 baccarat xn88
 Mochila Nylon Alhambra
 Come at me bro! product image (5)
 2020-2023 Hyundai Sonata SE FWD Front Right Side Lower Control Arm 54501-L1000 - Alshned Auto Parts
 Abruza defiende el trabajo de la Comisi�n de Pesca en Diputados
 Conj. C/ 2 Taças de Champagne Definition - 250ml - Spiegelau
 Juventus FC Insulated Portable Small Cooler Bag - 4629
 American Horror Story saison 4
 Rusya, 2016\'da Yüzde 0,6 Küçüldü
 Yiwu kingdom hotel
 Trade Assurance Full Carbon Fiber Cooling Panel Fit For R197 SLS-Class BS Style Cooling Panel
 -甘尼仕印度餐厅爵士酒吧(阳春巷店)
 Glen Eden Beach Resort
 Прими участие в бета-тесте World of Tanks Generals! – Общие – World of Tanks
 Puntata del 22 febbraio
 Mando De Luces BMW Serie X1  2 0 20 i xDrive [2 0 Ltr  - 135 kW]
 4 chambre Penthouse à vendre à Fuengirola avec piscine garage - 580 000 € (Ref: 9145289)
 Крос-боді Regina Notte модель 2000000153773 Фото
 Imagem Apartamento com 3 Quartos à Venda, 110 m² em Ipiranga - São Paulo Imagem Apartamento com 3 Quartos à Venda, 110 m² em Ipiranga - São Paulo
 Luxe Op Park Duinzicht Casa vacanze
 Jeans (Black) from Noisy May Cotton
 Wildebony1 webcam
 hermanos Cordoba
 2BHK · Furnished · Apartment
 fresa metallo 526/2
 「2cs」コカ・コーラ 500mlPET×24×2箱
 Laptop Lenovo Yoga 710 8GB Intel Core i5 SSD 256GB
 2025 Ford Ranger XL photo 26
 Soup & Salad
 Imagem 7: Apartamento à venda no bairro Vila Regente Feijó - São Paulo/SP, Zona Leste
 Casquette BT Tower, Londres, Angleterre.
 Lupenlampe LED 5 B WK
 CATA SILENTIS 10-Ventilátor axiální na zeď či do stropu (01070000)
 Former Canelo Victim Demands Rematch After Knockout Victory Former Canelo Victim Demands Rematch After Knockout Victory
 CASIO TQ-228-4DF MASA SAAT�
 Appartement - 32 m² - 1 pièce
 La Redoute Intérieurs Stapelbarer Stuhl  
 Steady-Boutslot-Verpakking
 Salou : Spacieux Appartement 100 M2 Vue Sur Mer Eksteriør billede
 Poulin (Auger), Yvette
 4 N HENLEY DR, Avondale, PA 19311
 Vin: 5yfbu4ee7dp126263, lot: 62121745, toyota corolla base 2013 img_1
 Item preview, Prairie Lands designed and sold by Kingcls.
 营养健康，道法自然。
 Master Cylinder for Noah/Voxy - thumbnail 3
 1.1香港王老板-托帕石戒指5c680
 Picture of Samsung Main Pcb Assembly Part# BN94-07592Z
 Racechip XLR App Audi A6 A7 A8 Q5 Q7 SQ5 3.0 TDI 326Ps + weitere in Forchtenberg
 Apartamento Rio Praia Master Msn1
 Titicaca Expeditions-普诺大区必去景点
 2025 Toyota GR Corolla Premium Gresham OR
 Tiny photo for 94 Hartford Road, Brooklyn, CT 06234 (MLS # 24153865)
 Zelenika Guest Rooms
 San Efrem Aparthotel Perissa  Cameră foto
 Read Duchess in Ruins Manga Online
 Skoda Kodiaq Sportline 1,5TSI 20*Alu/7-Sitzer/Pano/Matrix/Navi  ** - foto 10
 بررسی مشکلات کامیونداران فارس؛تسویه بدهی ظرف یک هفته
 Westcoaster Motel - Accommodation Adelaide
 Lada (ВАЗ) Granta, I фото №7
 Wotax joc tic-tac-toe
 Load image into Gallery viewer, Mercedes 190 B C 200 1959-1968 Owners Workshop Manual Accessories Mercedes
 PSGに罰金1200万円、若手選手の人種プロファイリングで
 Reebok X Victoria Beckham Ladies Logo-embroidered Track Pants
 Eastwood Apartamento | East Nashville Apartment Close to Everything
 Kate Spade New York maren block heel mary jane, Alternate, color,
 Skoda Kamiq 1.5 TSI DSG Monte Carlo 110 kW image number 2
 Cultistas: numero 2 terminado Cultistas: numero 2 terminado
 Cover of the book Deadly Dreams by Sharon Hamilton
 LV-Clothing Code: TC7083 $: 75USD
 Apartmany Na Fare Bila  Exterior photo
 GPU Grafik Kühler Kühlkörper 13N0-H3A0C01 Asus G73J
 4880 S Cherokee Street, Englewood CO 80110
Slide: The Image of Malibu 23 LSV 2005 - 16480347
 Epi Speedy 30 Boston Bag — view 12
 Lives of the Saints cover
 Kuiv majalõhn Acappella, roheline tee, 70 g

____

EXERCISE DESCRIPTION: Go through the listing above and find each line containing the string "Master"; copy those lines.

WORKED SOLUTION:
 Master Cylinder for Noah/Voxy - thumbnail 3
 Apartamento Rio Praia Master Msn1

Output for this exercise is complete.